This small, non-devotional book offers an analysis of step-by-step progressive praying.   It is an updated version of a previously published work, far more eloquent and luminous than most contemporary approaches to the topic of prayer in general.   In the preface, Herman states that the purpose of her book is to elucidate the meaning and value of prayer as a creative process.   Prayer is a noble activity, a completely human form of interaction between the human and the Divine.   What distinguishes this approach is the primacy of prayer as a way of "heart-communion" with the Creator and not necessarily in the need for personal empowerment for its own sake.   Herman's message touches us over the decades like a meteorite skimming the surface of the century.   Thoroughly analytical of the motivations that attend stages of development in prayer, Herman discusses silence, meditation, reading of the Gospels, and intercessory prayer in the context of love and humility as well as genuine doubt and human despair.

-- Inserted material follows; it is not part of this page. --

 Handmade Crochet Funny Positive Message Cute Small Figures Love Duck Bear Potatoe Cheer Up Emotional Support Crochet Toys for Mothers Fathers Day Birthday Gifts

Here is an intelligent and loving contact with the other reality, the reality of God.

About the Author

Brigid Herman was a journalist who married a Presbyterian minister and wrote mainly on theological and devotional themes under the names E. Herman and Hugh Sinclair.


Book Reviews

Review 1

Creative Prayer is not a book for the faint of heart. It's not a fuzzy, feel-good read. It doesn't explore the latest prayer techniques or postures or exercises. This book minces no works, makes no compromises, takes no prisoners.  Creative prayer rests on the bedrock of what prayer and the spiritual life is all about, and that is a life devoted to obedience to God.

Written in England after World War I, author Brigid Herman predates the spiritual fads of our times, yet she speaks with a voice so incisive and wise that her message addresses all times and people.

Do not read this book unless you want to be challenges, unless you want to illuminate the next few steps of your faith walk.   And if this is what you seek, do no fail to read this book.

Kate Convissor is a writer and mother who lives in northern Michigan.

Review 2

Prayer is so many things: conversation with God, a pilgrimage from self to the Divine, a simple, loving discourse between creature and Creator.   Brigid E. Herman (1876-1923) gives us her reflections on prayer as creative energy that transforms us and our world.

Originally published after World War I, this text was re-issued in 1998. And what a treasure it is.   Three themes stand our for me: one is Herman's continual challenge that we "refer" everything to God, even the smallest of actions (13).   We are to take what is at the circumference of our lives and bring it to the center for evaluation and consecration.   By so doing our whole life is one of prayerful attention.

A second theme is that of obedience and surrender.   Looking at prayer as a great adventure and pilgrimage from self to God, we must be willing to sacrifice and bring everything to the altar.   She pulls no punches.   Christianity demands discipline and radical abandonment of self-will to God.   It is a dying process: "Christian discipline means the uprooting of self-gratification and self-will" (108).

A third theme deals with the corporate nature of our lives.   We are social beings who are bound together by mutual interdependence and a pervasive solidarity.   We are responsible to and for one another.   Our vocation to a common priesthood means that we are to mediate God's love and forgiveness within the Body of Christ.   The call within our individual calls to marriage or religious life or a single life is to foster a priestly heart, a heart sensitive to the joys and sorrows of our fellow pilgrims as well as a heart open to God's vision and values.   It's all about the kingdom of God coming to fruition.   "The consecrated soul becomes a vehicle of grace" (147).

Creative Prayer is written from an evangelical perspective and though incorporating many insights from the Roman Catholic tradition, it does articulate certain Protestant themes.   A discerning reader can evaluate them appropriately. All in all, this text is a solid book on prayer, rich in insight, challenging in vision, demanding in its implications.   Brigid E. Herman is obviously a woman who expresses her faith well and has left a rich legacy.   Though written in the 1910's, it is relevant and addresses contemporary questions about prayer and life.